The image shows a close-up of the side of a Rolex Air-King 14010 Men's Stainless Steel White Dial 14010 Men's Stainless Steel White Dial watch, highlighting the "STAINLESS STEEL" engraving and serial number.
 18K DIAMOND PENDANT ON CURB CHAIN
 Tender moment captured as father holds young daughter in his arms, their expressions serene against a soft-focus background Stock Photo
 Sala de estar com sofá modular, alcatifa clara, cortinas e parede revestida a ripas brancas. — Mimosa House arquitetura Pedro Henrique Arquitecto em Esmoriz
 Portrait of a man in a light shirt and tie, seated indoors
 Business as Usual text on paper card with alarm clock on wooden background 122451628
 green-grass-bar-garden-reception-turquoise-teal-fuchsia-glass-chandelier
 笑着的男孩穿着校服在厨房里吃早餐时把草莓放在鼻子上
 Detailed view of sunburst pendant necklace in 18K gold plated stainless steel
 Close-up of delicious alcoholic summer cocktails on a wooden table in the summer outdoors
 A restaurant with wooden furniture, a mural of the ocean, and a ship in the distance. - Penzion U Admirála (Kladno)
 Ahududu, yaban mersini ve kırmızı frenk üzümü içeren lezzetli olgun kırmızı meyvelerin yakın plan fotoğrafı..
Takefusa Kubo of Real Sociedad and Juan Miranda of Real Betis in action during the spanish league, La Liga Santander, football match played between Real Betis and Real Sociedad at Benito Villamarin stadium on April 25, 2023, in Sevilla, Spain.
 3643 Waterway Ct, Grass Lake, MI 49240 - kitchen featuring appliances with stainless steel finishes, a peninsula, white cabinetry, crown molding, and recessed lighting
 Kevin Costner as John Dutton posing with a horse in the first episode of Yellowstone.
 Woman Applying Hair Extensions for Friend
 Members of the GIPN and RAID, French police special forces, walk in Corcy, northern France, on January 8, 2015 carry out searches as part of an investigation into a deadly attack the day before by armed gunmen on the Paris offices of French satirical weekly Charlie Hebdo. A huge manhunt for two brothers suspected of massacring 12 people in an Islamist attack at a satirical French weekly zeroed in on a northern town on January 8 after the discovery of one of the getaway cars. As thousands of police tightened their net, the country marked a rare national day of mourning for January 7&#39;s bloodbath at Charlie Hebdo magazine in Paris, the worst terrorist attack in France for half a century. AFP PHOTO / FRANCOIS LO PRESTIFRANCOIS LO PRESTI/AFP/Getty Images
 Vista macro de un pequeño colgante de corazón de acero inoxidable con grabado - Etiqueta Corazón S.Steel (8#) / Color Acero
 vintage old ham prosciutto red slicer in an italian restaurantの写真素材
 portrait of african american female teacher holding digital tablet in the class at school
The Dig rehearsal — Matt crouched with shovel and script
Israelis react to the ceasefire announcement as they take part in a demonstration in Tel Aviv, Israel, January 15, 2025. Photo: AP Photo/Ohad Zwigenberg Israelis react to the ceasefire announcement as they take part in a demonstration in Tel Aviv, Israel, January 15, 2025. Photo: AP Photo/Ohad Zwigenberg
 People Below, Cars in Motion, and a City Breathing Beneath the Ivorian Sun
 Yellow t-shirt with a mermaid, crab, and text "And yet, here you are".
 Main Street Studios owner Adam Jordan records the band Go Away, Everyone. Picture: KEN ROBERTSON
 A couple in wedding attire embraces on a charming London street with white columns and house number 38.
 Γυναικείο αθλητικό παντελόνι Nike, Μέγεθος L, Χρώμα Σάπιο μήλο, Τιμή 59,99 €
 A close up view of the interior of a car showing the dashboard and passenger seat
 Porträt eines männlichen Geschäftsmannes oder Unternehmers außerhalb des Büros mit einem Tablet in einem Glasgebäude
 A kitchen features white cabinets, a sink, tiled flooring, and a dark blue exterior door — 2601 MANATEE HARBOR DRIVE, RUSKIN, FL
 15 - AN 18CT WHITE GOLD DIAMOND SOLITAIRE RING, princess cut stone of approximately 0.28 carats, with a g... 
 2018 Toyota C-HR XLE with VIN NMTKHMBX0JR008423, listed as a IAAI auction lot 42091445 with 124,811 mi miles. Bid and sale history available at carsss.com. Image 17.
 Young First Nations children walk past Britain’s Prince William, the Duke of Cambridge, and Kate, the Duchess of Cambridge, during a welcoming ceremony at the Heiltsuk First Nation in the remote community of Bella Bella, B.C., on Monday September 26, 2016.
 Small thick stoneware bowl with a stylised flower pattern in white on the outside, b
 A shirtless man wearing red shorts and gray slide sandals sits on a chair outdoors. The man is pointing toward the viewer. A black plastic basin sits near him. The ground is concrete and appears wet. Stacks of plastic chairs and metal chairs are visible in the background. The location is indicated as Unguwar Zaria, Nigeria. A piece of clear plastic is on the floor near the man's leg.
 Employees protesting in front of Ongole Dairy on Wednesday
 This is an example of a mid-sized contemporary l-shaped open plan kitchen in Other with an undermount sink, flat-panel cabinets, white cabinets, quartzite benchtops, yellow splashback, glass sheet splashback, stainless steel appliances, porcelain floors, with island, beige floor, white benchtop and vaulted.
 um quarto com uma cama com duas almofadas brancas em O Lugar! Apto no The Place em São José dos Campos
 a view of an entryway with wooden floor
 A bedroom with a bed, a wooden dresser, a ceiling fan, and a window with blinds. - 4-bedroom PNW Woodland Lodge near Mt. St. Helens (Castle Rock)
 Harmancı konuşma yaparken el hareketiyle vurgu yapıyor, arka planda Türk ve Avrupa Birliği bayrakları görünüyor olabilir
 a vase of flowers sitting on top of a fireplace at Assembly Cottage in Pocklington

Assignment: What are the lines above, starting at the one with "Young First Nations" and ending at the one with "Small thick stoneware"? Give them again exactly, and only them.

Result of the task:
 Young First Nations children walk past Britain’s Prince William, the Duke of Cambridge, and Kate, the Duchess of Cambridge, during a welcoming ceremony at the Heiltsuk First Nation in the remote community of Bella Bella, B.C., on Monday September 26, 2016.
 Small thick stoneware bowl with a stylised flower pattern in white on the outside, b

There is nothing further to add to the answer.